La meditazione di Metta accresce la connessione sociale
In un altro studio si è scoperto che le meditazioni di consapevolezza (mindfulness) e di gentilezza amorevole possono entrambe aiutare ad accrescere il proprio senso di connessione sociale e con la natura. E in tema di auto-compassione, la ricerca indica che la gentilezza e la compassione verso se stessi può aiutare a ridurre sia la propria percezione dello stress, sia la relativa risposta fisiologica, promuovendo altresì nel contempo una migliore salute fisica.

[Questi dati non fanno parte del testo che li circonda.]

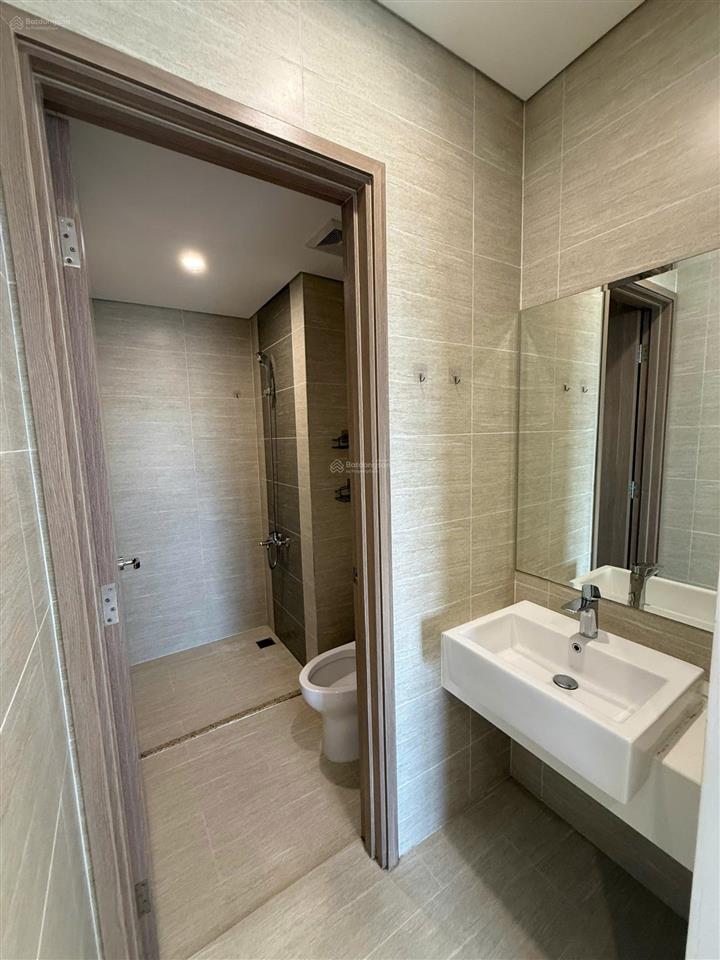 Siêu rẻ chính chủ gửi bán ch 1n + 1  46.5m2, 3.2 tỷ, phân khu (s) dự án vinhomesmart city tây mỗ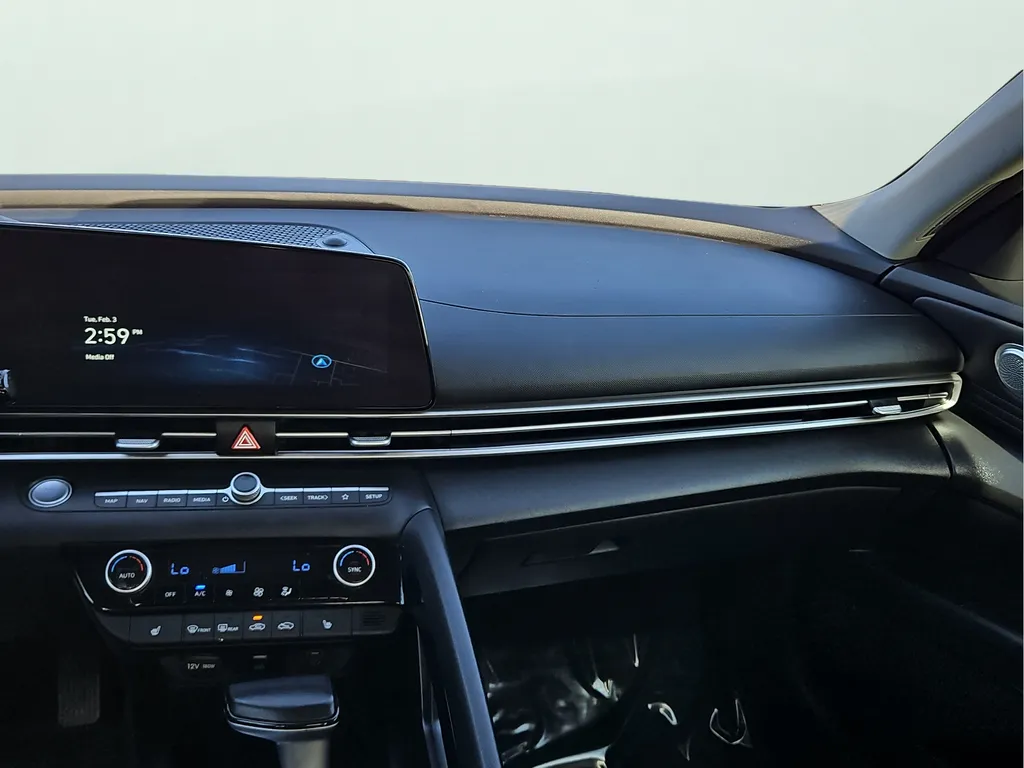 2025 Hyundai Elantra SEL - Photo 14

Praticare la compassione è, quindi, una risposta pratica e diretta alla comprensibile crescita delle paure che così tanti stanno provando attualmente. Trattandosi di qualcosa di più che solamente “pensieri gentili”, essa è una pratica nella quale ci possiamo impegnare con l’intento di apportare una maggiore coesione e guarigione in questo mondo.
Come fare: meditazione di Metta
La tradizione buddhista della meditazione di Metta (o meditazione della gentilezza amorevole) è una delle pratiche fondamentali sulla compassione alle quali possiamo rivolgerci in tempi di crisi. Questa pratica ci aiuta a sentire una maggiore compassione per noi stessi (riducendo la risposta di stress e migliorando a sua volta altri indicatori di salute quali l’immunità e a ridurre le barriere erette nei confronti del prossimo).
Possiamo praticare questa semplice tecnica dedicando dieci minuti al giorno a sviluppare la connessione con lo spazio del cuore. Una volta stabilizzati al centro del nostro essere, possiamo silenziosamente esprimere desideri di gentilezza e amore verso noi stessi e gli altri.
Passare attraverso una sequenza standard di persone, concludendo con la visione del mondo intero, ci può aiutare a ridurre la separazione che percepiamo tra noi e gli altri – persino tra noi e coloro con i quali abbiamo grandi difficoltà.
Questa pratica ci invita a ripetere le seguenti parole, rivolgendole in sequenza a noi stessi, una persona amata, una semplice conoscenza… Qualcuno con cui si hanno delle difficoltà, il mondo intero come singola entità.
Le parole che potremmo scegliere durante la pratica. Che tu possa essere:
- al sicuro
- in salute
- amato
- in pace
Cominciando ad esprimere questi desideri offrendoli a noi stessi e agli altri nel silenzio della meditazione, iniziamo anche a indebolire il nostro attaccamento alle differenze superficiali di cui facciamo esperienza. Alla radice del nostro essere c’è molta più somiglianza di quanto le nostre opinioni, convinzioni o personalità gli diano credito.
Mentre comprendiamo la nostra comune umanità, diventa più naturale e più agevole fare dono di noi stessi in modi più compassionevoli e di sostegno per gli altri. Radicando i nostri pensieri nella compassione, le nostre azioni seguiranno.
Tornando al cuore
Radicandoci nel cuore – nelle sue energie di amore, compassione, gentilezza e pazienza – iniziamo a pacificare quella mente che così facilmente rimane ingabbiata dalla paura. Le pratiche di compassione come la meditazione di Metta non riguardano la necessità o meno di prendere decisioni su come agire nel mondo esterno. Prendere certe decisioni è indubbiamente parte della nostra risposta a questa crisi. Piuttosto, la compassione eleva la qualità delle nostre azioni, aiutandoci ad attuare comportamenti che rechino beneficio a noi, agli altri e al pianeta intero. Con il cuore, momento dopo momento, contribuiamo a muoverci collettivamente oltre questo periodo di difficoltà.
Gillian Florence Sanger
Gillian Florence Sanger è una scrittrice di “Mindfulness Exercises”. Scrive sia poesie sia saggi e insegna yoga e mindfulness. Con il suo lavoro punta a scoprire ambiti sempre più profondi dell’anima e della psiche per una maggiore pace, auto-consapevolezza e felicità.